Les Palestiniens de Cisjordanie sont soumis aux tribunaux militaires israéliens et se voient régulièrement refuser l’assistance d’un avocat. Ils sont confrontés à des barrières linguistiques et à de mauvaises traductions, tandis que les mauvais traitements, les abus et même la torture pendant la détention garantissent que la plupart des prisonniers plaident coupables dans le cadre d’un accord de plaidoyer, ce qui conduit à un taux de condamnation de 95 à 99 %. Les appels sont rarement autorisés. Le contraste est saisissant avec les 500.000 colons juifs qui vivent au milieu d’eux et qui sont libres d’attaquer les maisons et les biens des Palestiniens, voire de les assassiner.
Heba Morayef, directrice régionale d’Amnesty International pour le Moyen-Orient et l’Afrique du Nord, a déclaré au début du mois : « La détention administrative est l’un des principaux outils par lesquels Israël a mis en œuvre son système d’apartheid à l’encontre des Palestiniens [...] Les témoignages et les preuves vidéo font également état de nombreux cas de torture et d’autres mauvais traitements infligés par les forces israéliennes, notamment de sévères passages à tabac et d’humiliations délibérées à l’encontre de Palestiniens détenus dans des conditions désastreuses.

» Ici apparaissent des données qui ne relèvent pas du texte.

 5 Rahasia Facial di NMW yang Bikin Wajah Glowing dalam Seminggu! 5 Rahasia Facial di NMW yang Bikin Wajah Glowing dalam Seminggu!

En 2012, un rapport parlementaire européen a décrit la détention administrative comme une tactique employée « principalement pour limiter l’activisme politique palestinien ». En 2020, Michael Lynk, alors rapporteur spécial des Nations unies sur les droits de l’homme dans les territoires palestiniens, a appelé Israël à abolir cette pratique.
Israël peut s’en tirer parce qu’il bénéficie du soutien de toutes les puissances impérialistes qui, aujourd’hui, réduisent elles-mêmes les droits démocratiques et la liberté d’expression pour réprimer toute opposition à leurs politiques intérieures et étrangères.